§ Pictures with short captions
=====

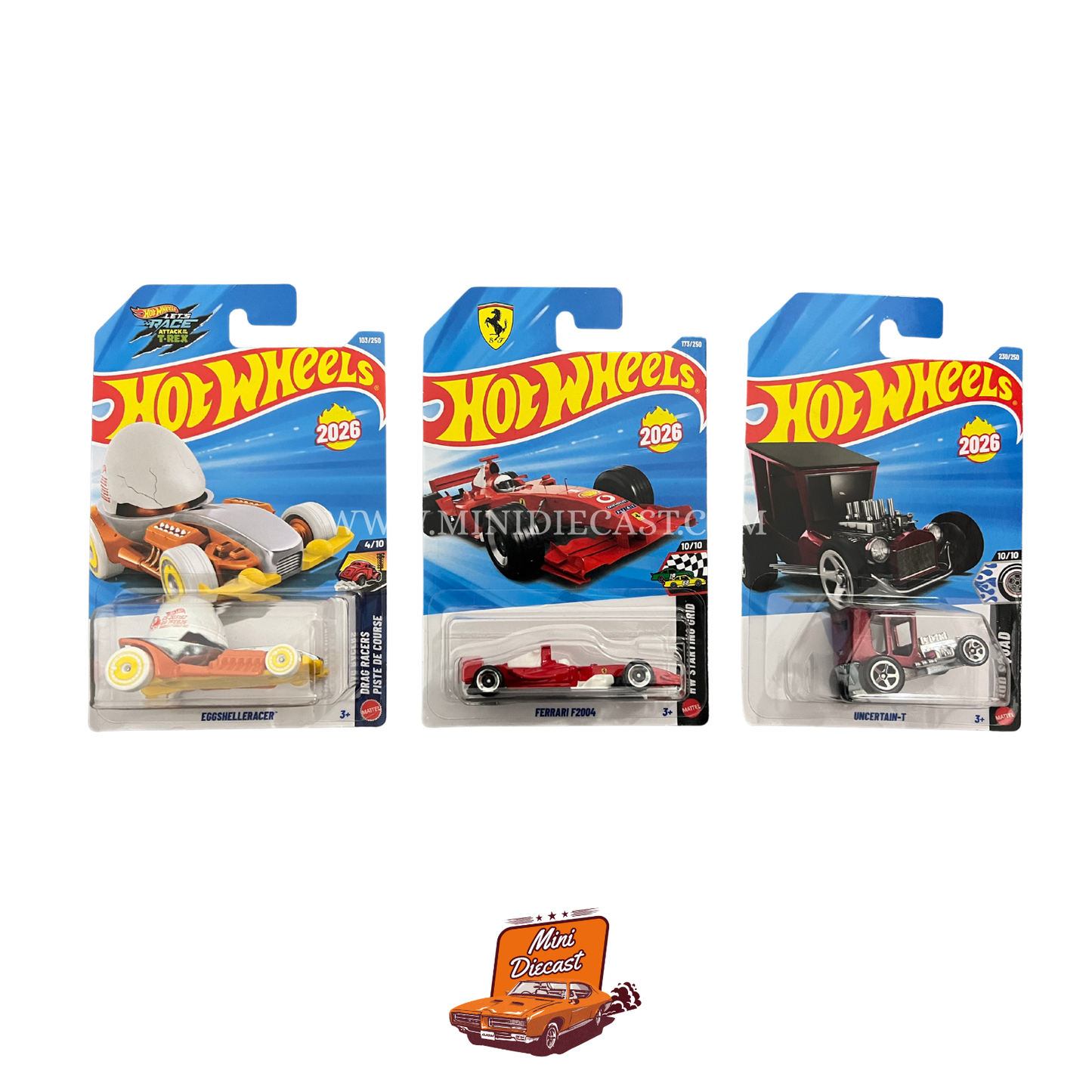 Hot Wheels Mainline (Set of 3) – Eggsheller / Racer / Ferrari F2004 / Uncertain-T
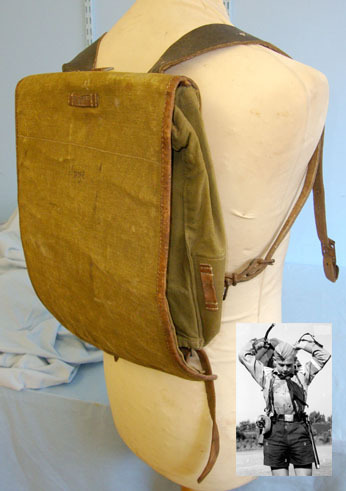  Bernard Meyer Gronau German Military / Hitler Youth Leather Trimmed Waxed Khaki Canvas Haversack by B Other Accessory
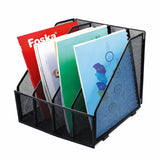 4 Compartments File Organizer Black Desktop Magazine Holder Rack 31.5 x 26 x 29.5 cm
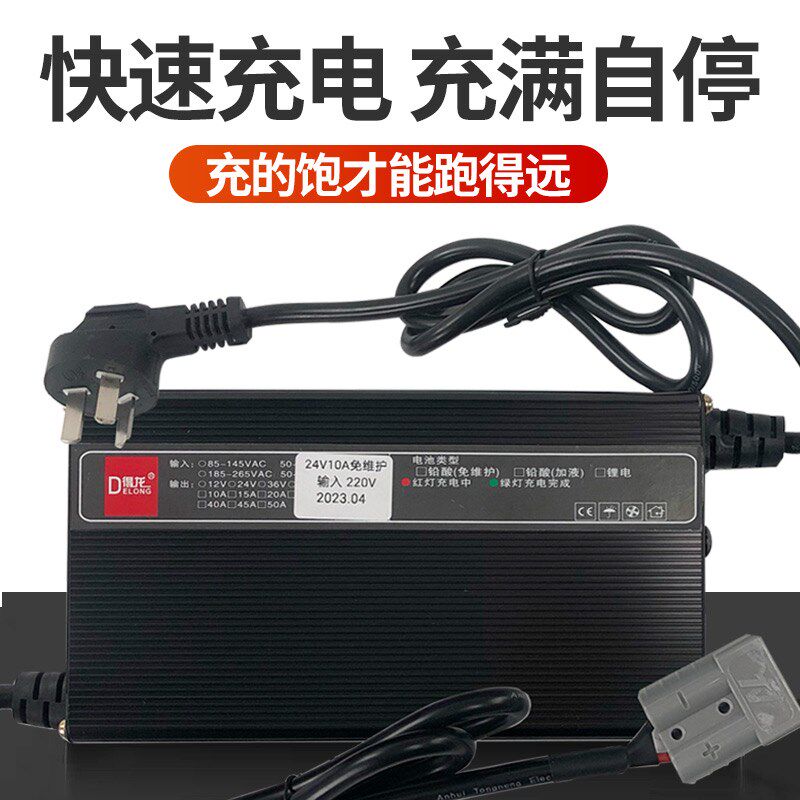 电动叉车充电器12v15A洗地机充电器24v10A铅酸电池得龙充电器智能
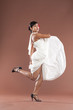 Beautiful flamenco dancer in white dress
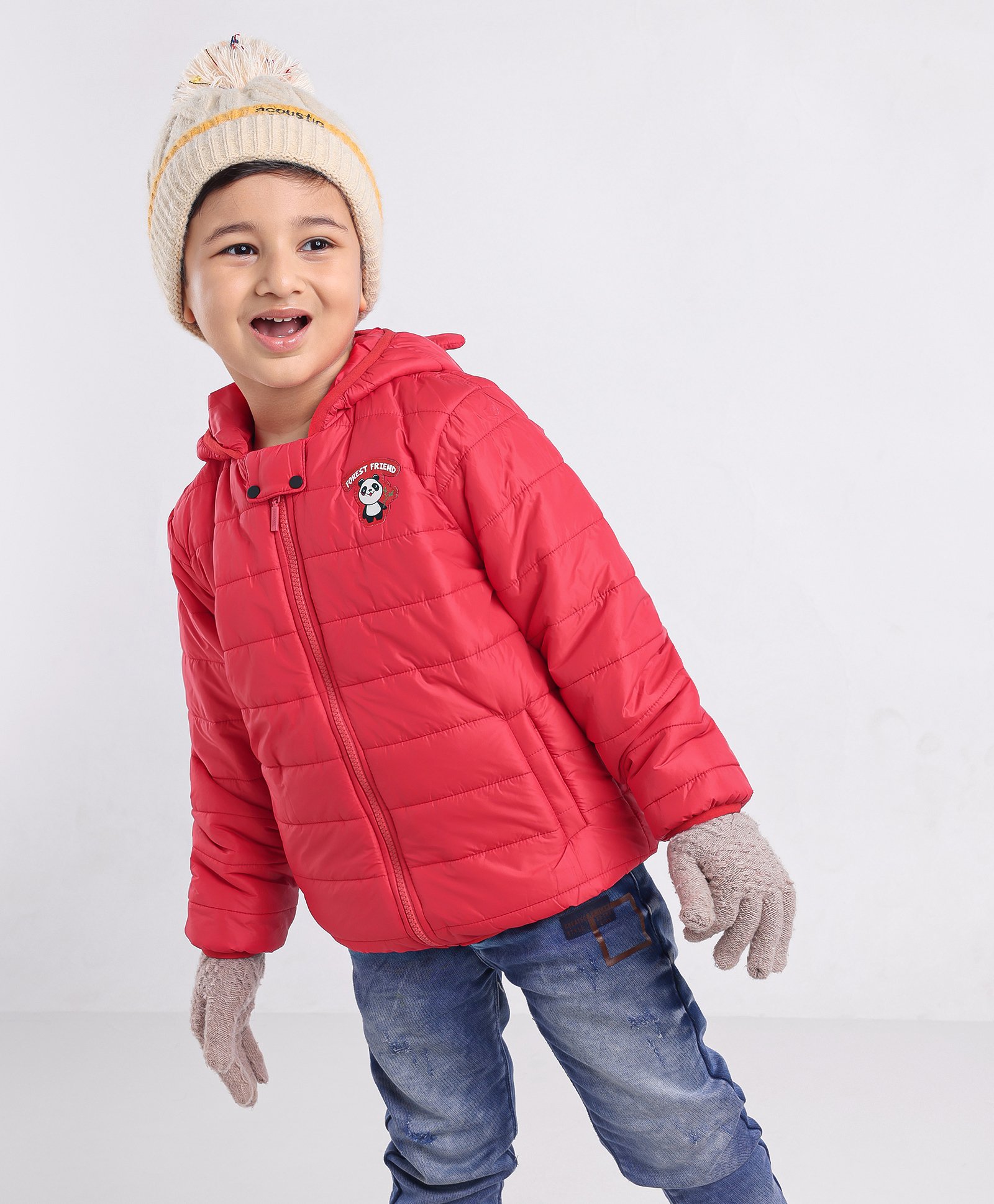 Babyhug Full Sleeves Hooded Padded Jacket - Red-image-7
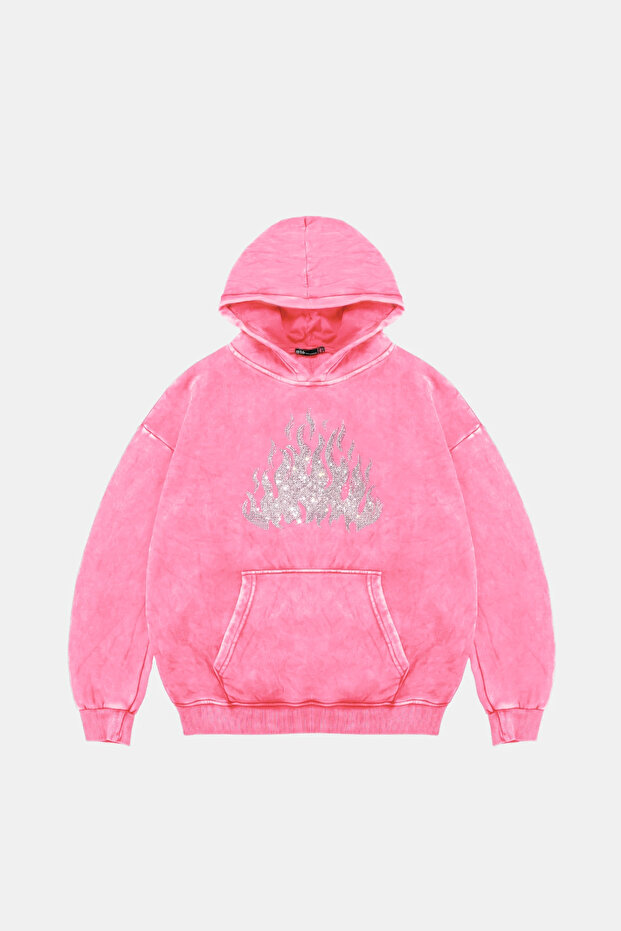 Flame Stone Printed Oversize Unisex Washable Pink Hoodie
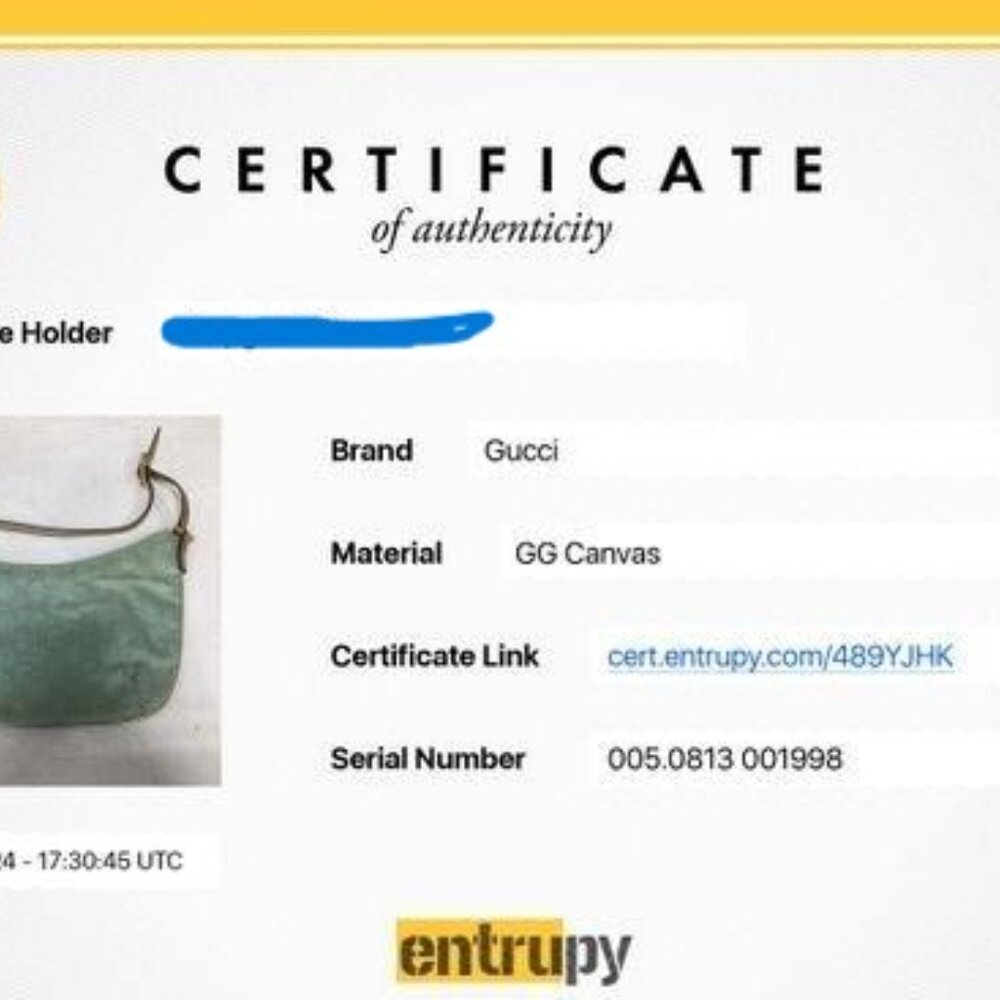 xx SOLDXXSOLD COA Gucci GG Canvas Hobo Pouchette Blue with Gold Metallic - Picture 10 of 10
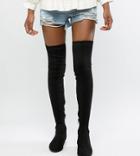 Asos Design Petite Kelby Flat Elastic Over The Knee Boots - Black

=====

§ Task prompt
Produce a verbatim copy of all records, minus pictures.

§ Solved problem
 Hot Wheels Mainline (Set of 3) – Eggsheller / Racer / Ferrari F2004 / Uncertain-T
  Bernard Meyer Gronau German Military / Hitler Youth Leather Trimmed Waxed Khaki Canvas Haversack by B Other Accessory
 4 Compartments File Organizer Black Desktop Magazine Holder Rack 31.5 x 26 x 29.5 cm
 电动叉车充电器12v15A洗地机充电器24v10A铅酸电池得龙充电器智能
 Beautiful flamenco dancer in white dress
 Babyhug Full Sleeves Hooded Padded Jacket - Red-image-7
 Flame Stone Printed Oversize Unisex Washable Pink Hoodie
 xx SOLDXXSOLD COA Gucci GG Canvas Hobo Pouchette Blue with Gold Metallic - Picture 10 of 10
 Asos Design Petite Kelby Flat Elastic Over The Knee Boots - Black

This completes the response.